Can you say a bit more about how you were feeling when Alice Lee invited you into the house for the first time? You indicate you were surprised, thrilled and even a bit regretful. Is there anything else that you care to add?
She was so gracious, and here I had made this petite woman with the walker and raspy voice get up and answer the door. I kept telling myself to remember every detail of every room, because I wouldn’t be there again. But she seemed to enjoy the conversation, as did I, and it became the first of many.
And then the following day, Harper Lee says to you, “I wonder if we might meet.” What a shock!
When she called me at the Best Western, I was stunned. I was thrilled and not at all sure what to expect. She wasn’t the shy person I thought might show up. She was quite gregarious and witty.
There are many humorous moments in the book, such as when you describe Alice’s accent and Nelle complains, by doing so, you “dropped her two social classes with one syllable.” How would you describe Nelle’s sense of humor?
Wry most of the time. If something struck her funny, she’d throw her head back and laugh heartily. She was amused by human foibles.
Are you surprised that a real friendship (“natural, unforced”) developed between you and Nelle and Alice?
I was, especially because I was a journalist and they famously avoided the press. What surprises me now is how much has changed in Monroeville since I lived there. It turned out I was chronicling the last chapter of life as they knew it.
How lucky you were to be able to rent a house next door to the sisters. Have you ever thought about the serendipity of it all? And the reasons behind such good fortune?

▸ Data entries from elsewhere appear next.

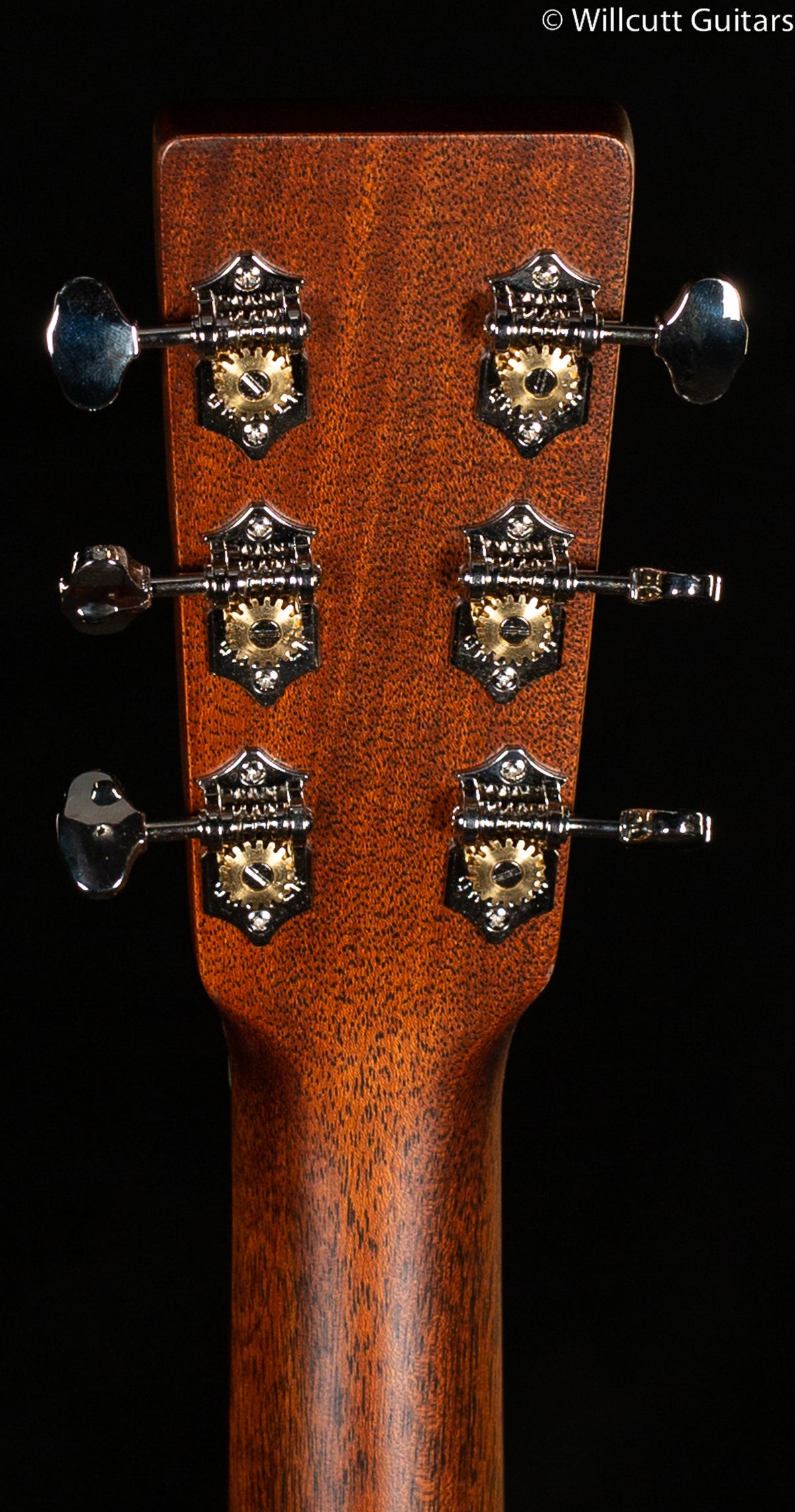 Martin 000-15M (387)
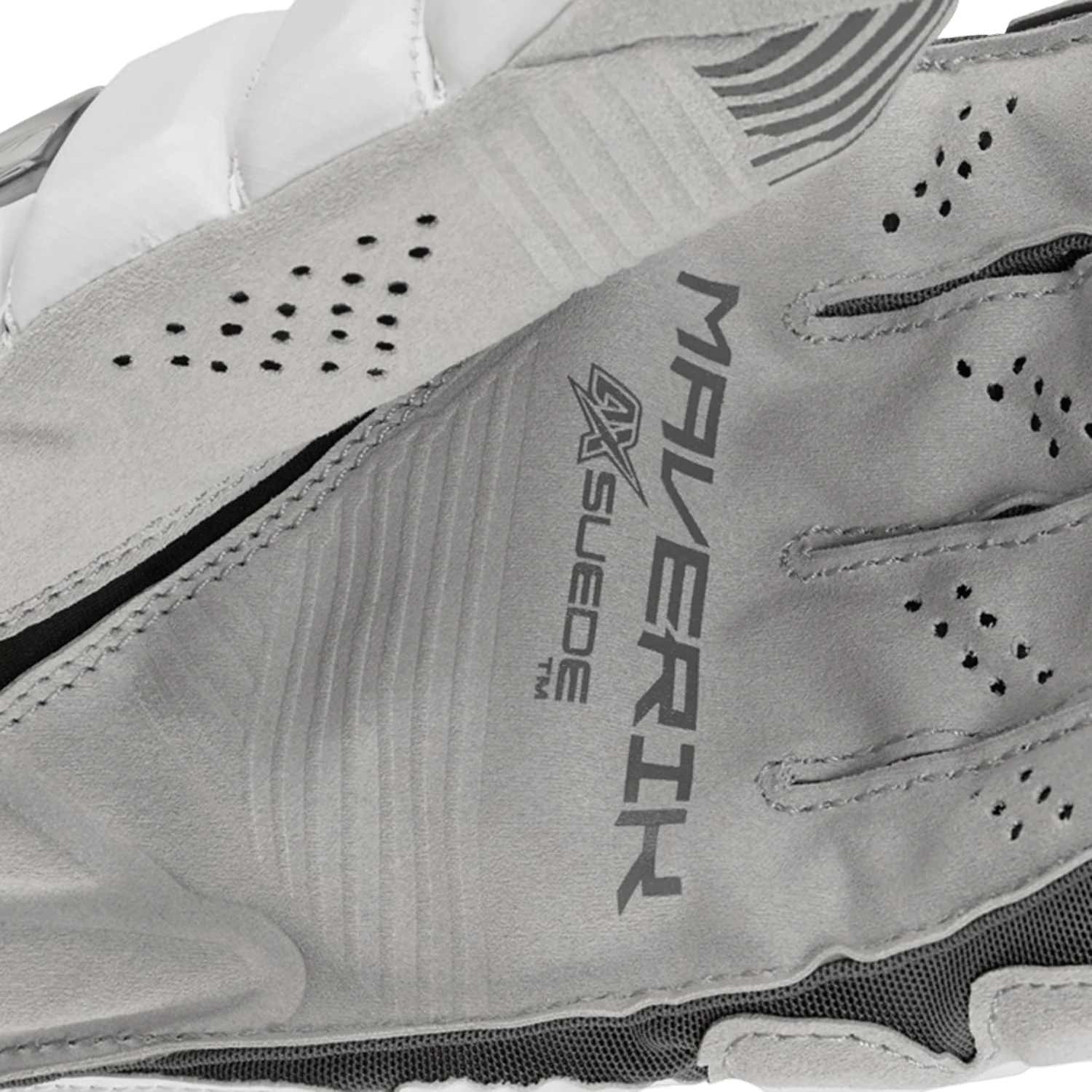 Maverik Max Lacrosse Gloves 2025 - Image 14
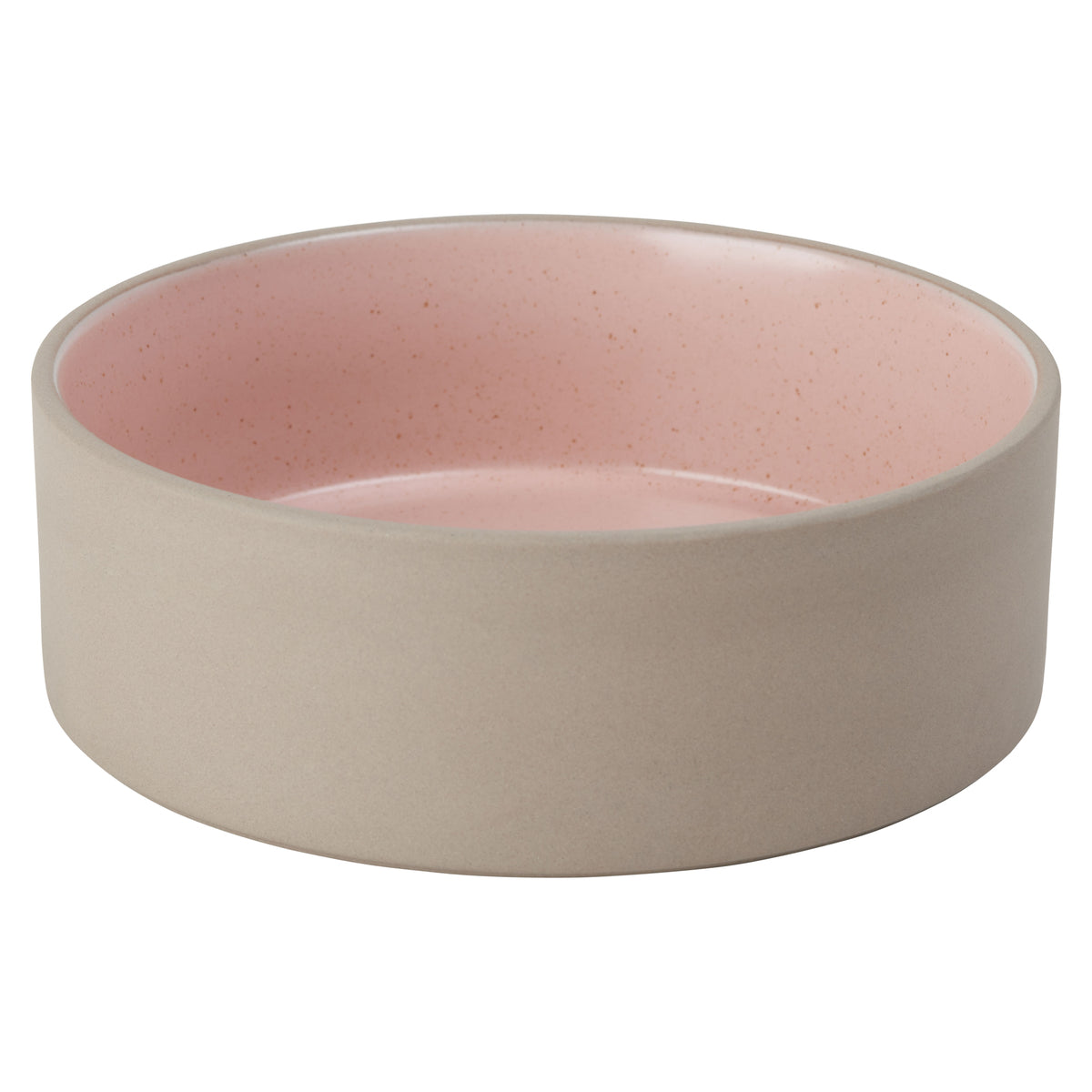 Sia Hondenbak - Medium - Roze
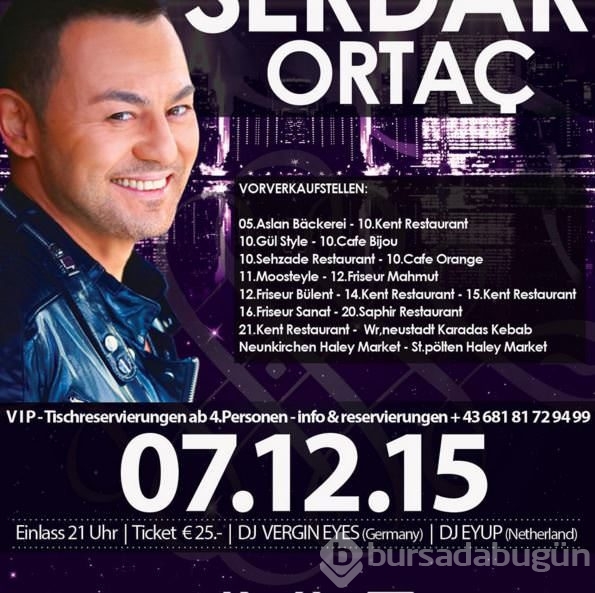 İnstagram'da ünlüler 18 Kasım 2015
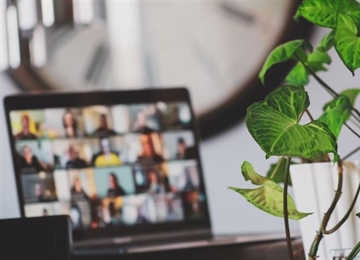 Virtual and Hybrid Events: How Digital Technology Changed the Event Industry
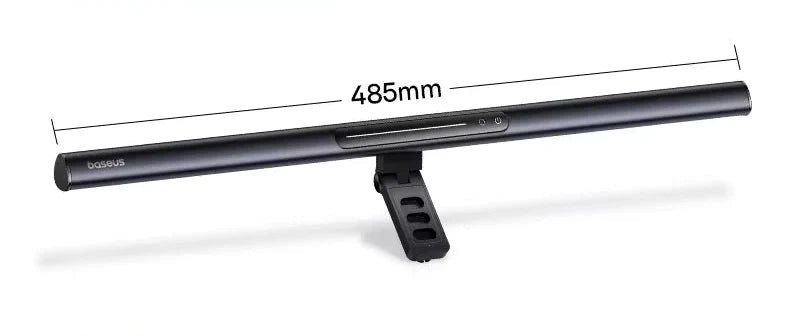 Magnetische Bildschirmlampe mit Asymmetrischer Beleuchtung & Touch-Steuerung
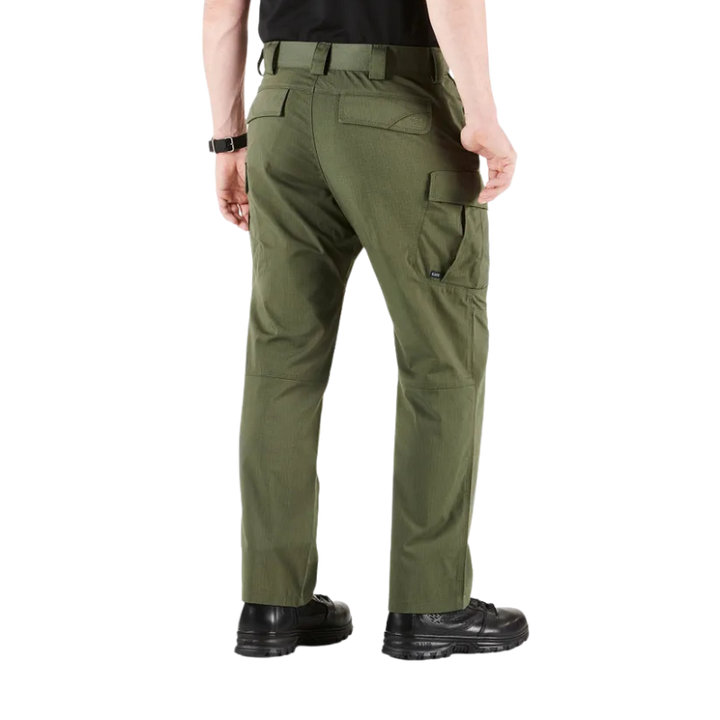 Stryke Pant with Flex-Tac | TDU Green
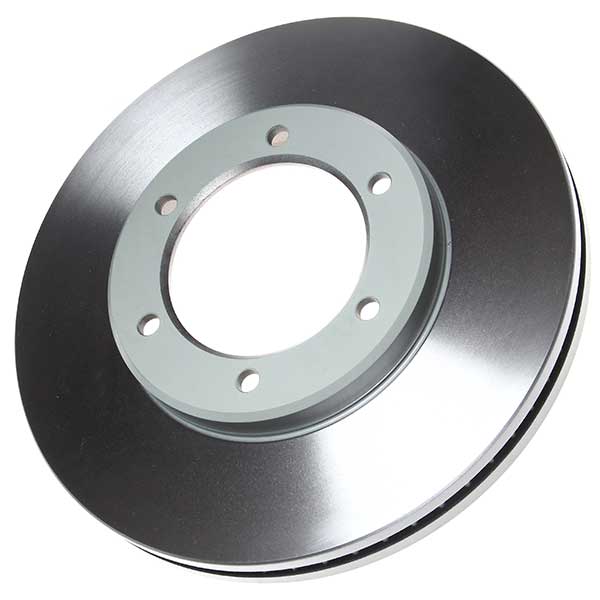ADL Blueprint Brake Disc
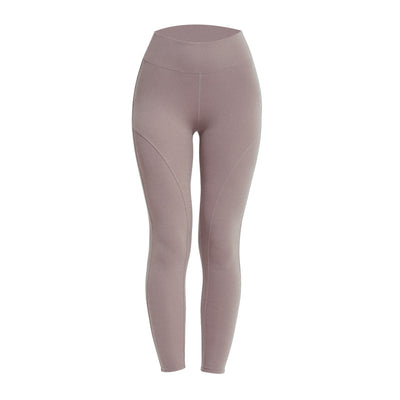 Pantalones Yoga Cintura Alta Deportivos Transpirables - Image 11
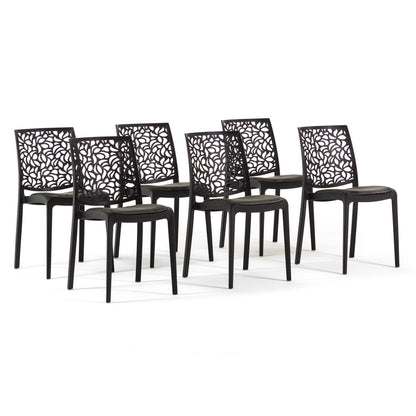 ANNA SOFT CHAIRS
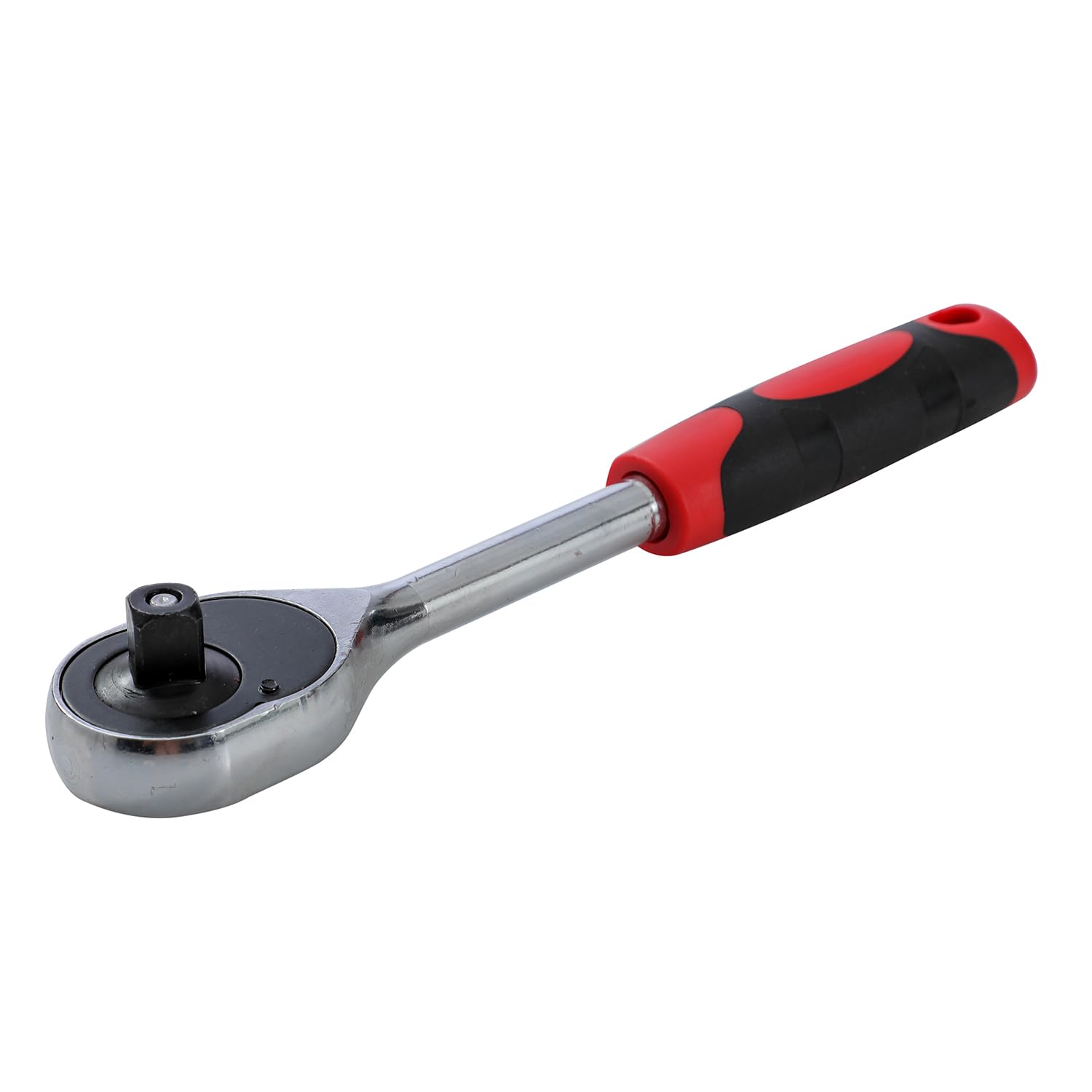 KATSU Tools Juego de Vasos Profundos de 1/2" 24 Piezas - CR-V, Métrico 8-32mm, Llave de Carraca de 24 Dientes, Herramienta de Mecánica para Bricolaje y Reparación de Coches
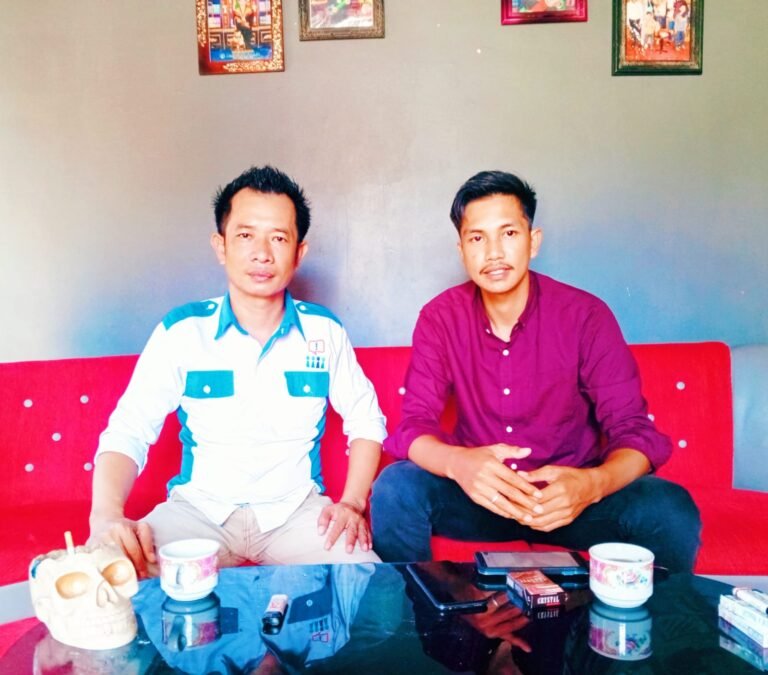 Telat Delapan Hari, Motor Nasabah IMFI Ditarik Paksa, PPWI Konsel, Ini Pelanggaran Hukum, Kawal Laporan Hingga Aksi Demo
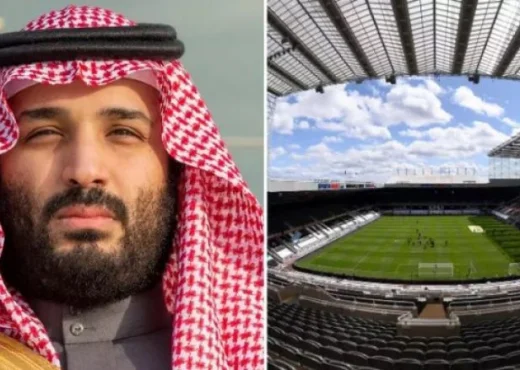 Two PL clubs uncovered that opposed the acquisition of Newcastle United by Arabs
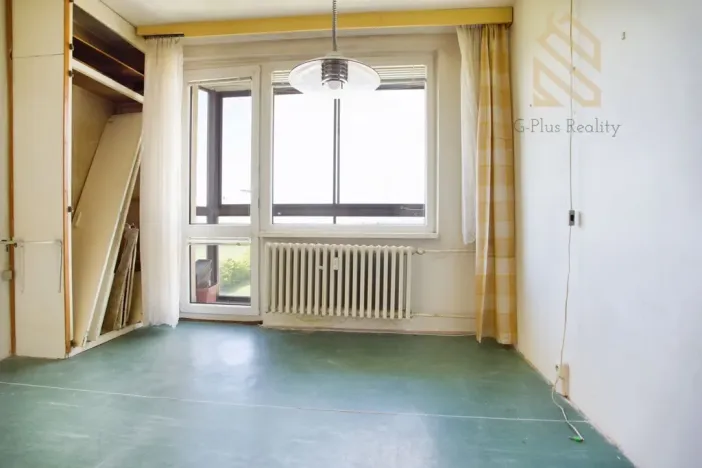 Prodej bytu 3+kk, Karlovy Vary, Dvořákova, 57 m2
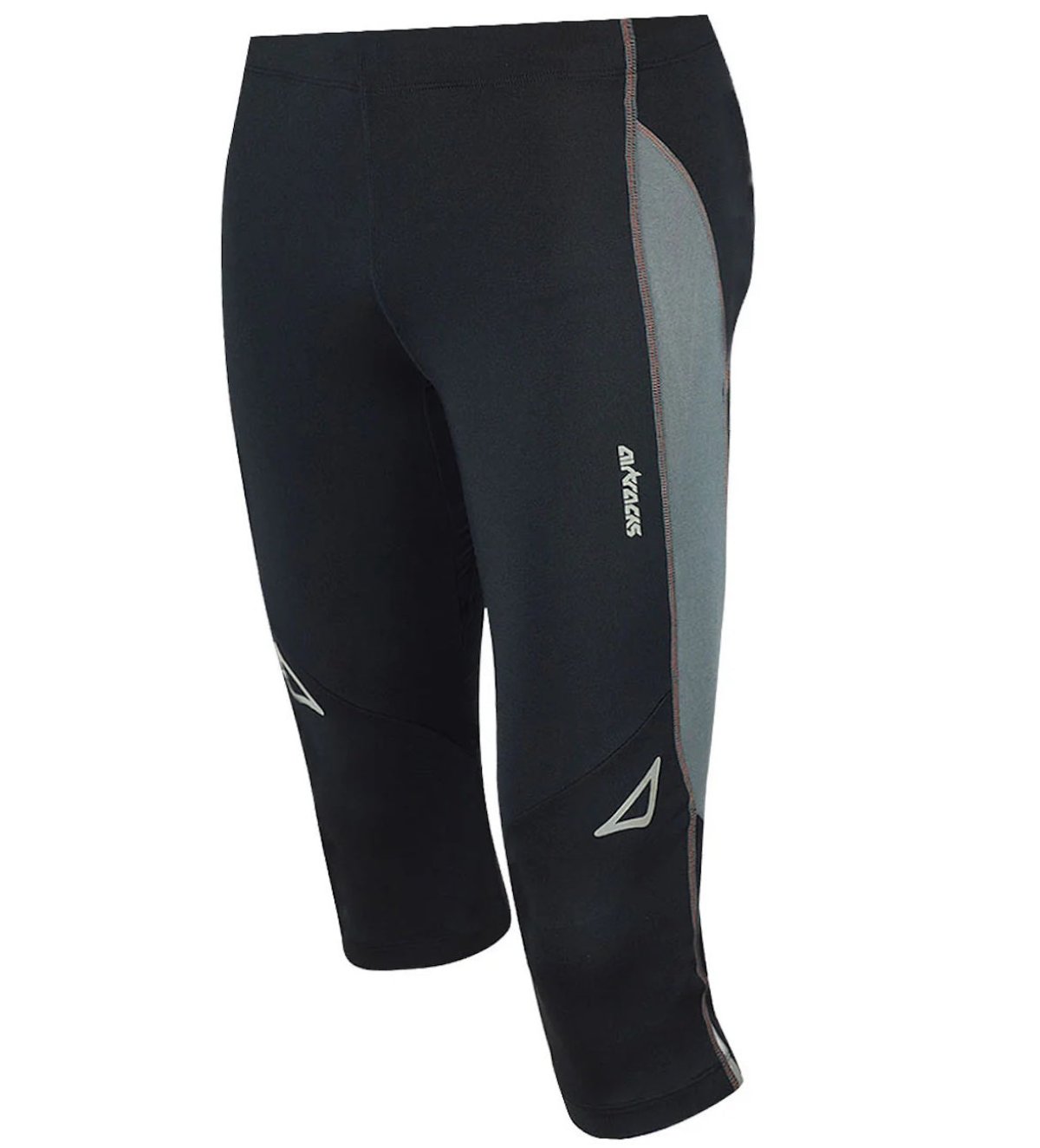 Runnight 3-4 de long par air noir gris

It’s almost frightening the role serendipity plays in life. It certainly did with this. It felt like a confluence of right things: right time, right place, right circumstance, with plenty of good luck and, from the Lees, such remarkable generosity.
Some readers may be surprised to learn that the sisters thought a book on their lives might be a worthwhile project. Of course, trust and having the right person write it would be the secret ingredient. Did you ever doubt your ability to write the book? There must have been tremendous pressure on you to get it “right.”
It took me a long time. I wanted to make sure I was capturing the nature of that time just as I experienced it.
I think readers—some of them anyway—might have the impression that Nelle was a recluse, plain and simple. Of course, she was no such thing. She just led a normal life like the rest of us. Do you care to comment on that?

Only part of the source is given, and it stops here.